Sampling and analysis were systematically conducted at three critical positions in the separation process. The first sampling point was located at the output stream of Column 1. The results showed that the water content fluctuated within the range of 27.39% to 29.99%, while the acetic acid content was low, ranging from 0% to 0.067%, and the phenol content varied between 0% and 2.60%. The component distribution at the output stream of Column 2 was similar to that of Column 1, with the water content remaining in the range of 27.39% to 29.99%, the acetic acid content slightly increased to 0% to 0.108%, and the phenol content remained within the range of 0% to 2.61%. The output stream of Column 3 exhibited significantly different component characteristics, with the water content expanding to a range of 10.17% to 39.04%, the acetic acid content increasing substantially to 0% to 29.82%, and the phenol content also rising to a range of 0% to 24.79%. All component concentration data were expressed as mass percentages, accurate to eight decimal places, to ensure the precision and reliability of the data.

3.2. Data Preprocessing

In this study, Python 3.7.12 programming environment and the scikit-learn machine learning library were used for data preprocessing and modeling analysis. During the data cleaning phase, anomalies and missing values in the dataset were systematically addressed. The initial dataset contained 12 feature variables. After cleaning the column names and normalizing the data, the feature variables were clearly categorized into feed components (Feed_Water, Feed_Acetic_Acid, Feed_Phenol) and the output components from the two separation columns (Tower1, Tower2_top, Tower2_bottom, each containing Water, Acetic Acid, and Phenol concentrations).

To improve the model’s training effectiveness, the feature data were standardized using the StandardScaler in scikit-learn 0.23.1. The standardization transformation was implemented using the following formula:

$$X_{scaled}={\displaystyle \frac{X-\mu }{\sigma }}$$

(1)

where $X$ represents the original feature value, $\mu$ denotes the mean of feature, and $\sigma$ represents the standard deviation of feature.
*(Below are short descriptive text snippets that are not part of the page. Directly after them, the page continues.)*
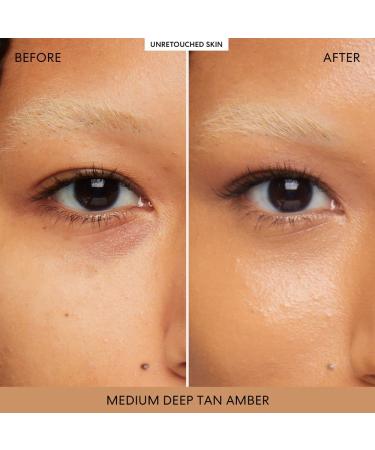 bareMinerals Complexion Rescue Brightening Under Eye Concealer - Vegan Medium Deep Tan Amber with SPF 25 & Hyaluronic Acid - Ultra-Lightweight Hydrating Formula for International Shipping - Buy Online on GoSupps.com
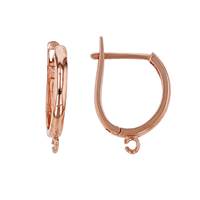 14KR 10mm Leverback Earring With Open Ring
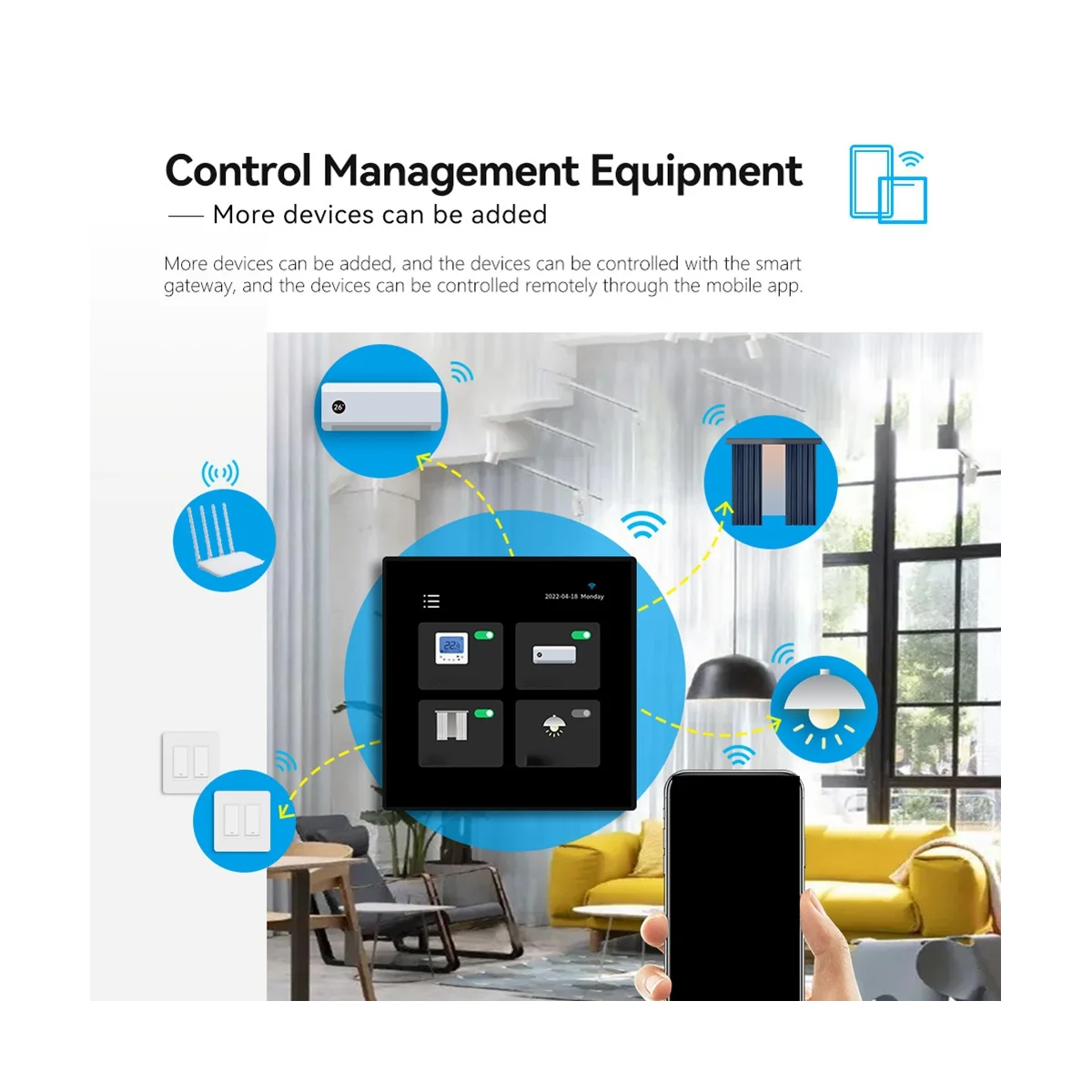 Imagem -04 - Tuya Smart Home Painel de Controle Zigbee Múltiplo Painel de Interruptor de Controle de Tela Sensível ao Toque na Parede para Casa-eu Plug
The original experimental data from the seven benchmark levels were utilized as the training set, while the supplementary experimental data were employed as the test set. During the feature engineering phase, the nine output parameters from the columns were used as input features, while the three feed component concentrations were set as the target prediction variables.

3.3. Exploratory Data Analysis (EDA) of Aspen Simulation Results

This dataset consists of 37 samples, covering feed composition and output data from two separation columns, with a total of 12 variables. The water content in the feed (Feed_Water) has an average value of 79.22%, ranging from 70% to 95%, with a standard deviation of 7.54%. This indicates a moderate level of variability in water content across a relatively wide range. The acetic acid (Feed_Acetic_Acid) and phenol (Feed_Phenol) contents in the feed both vary from 0% to 30%, with mean values of 10.68% and 10.10%, and standard deviations of 7.90% and 7.52%, respectively, suggesting that these two components are distributed relatively evenly within the feed.

At the output of Column 1 (Tower1), the water content (Tower1_Water) has an average of 28.22%, with a narrow fluctuation range between 27.40% and 29.99%, and a standard deviation of 0.87%, indicating high consistency. The acetic acid content (Tower1_Acetic_Acid) is extremely low, with an average of 0.011%, ranging from 0% to 0.067%, and a standard deviation of 0.015%. The phenol content (Tower1_Phenol) has an average of 1.77%, fluctuating between 0% and 2.60%, with a standard deviation of 0.88%.

At the top of Column 2 (Tower2_top), the water content (Tower2_top_Water) is similar to that of Column 1, with an average of 28.33%, ranging from 27.39% to 29.99%, and a standard deviation of 0.86%. The acetic acid content (Tower2_top_Acetic_Acid) has an average of 0.017%, ranging from 0% to 0.108%, with a standard deviation of 0.025%. The phenol content (Tower2_top_Phenol) has an average of 1.65%, fluctuating between 0% and 2.61%, with a standard deviation of 0.88%, showing similar stability to that of Column 1. At the bottom of Column 2 (Tower2_bottom), the water content (Tower2_bottom_Water) has an average of 22.66%, with a wider range from 10.18% to 39.04%, and a standard deviation of 7.54%, indicating considerable variability in water content at the bottom of the column. The acetic acid content (Tower2_bottom_Acetic_Acid) has an average of 10.65%, ranging from 0% to 29.82%, with a standard deviation of 7.87%. The phenol content (Tower2_bottom_Phenol) has an average of 6.68%, fluctuating between 0% and 24.79%, with a standard deviation of 6.19%.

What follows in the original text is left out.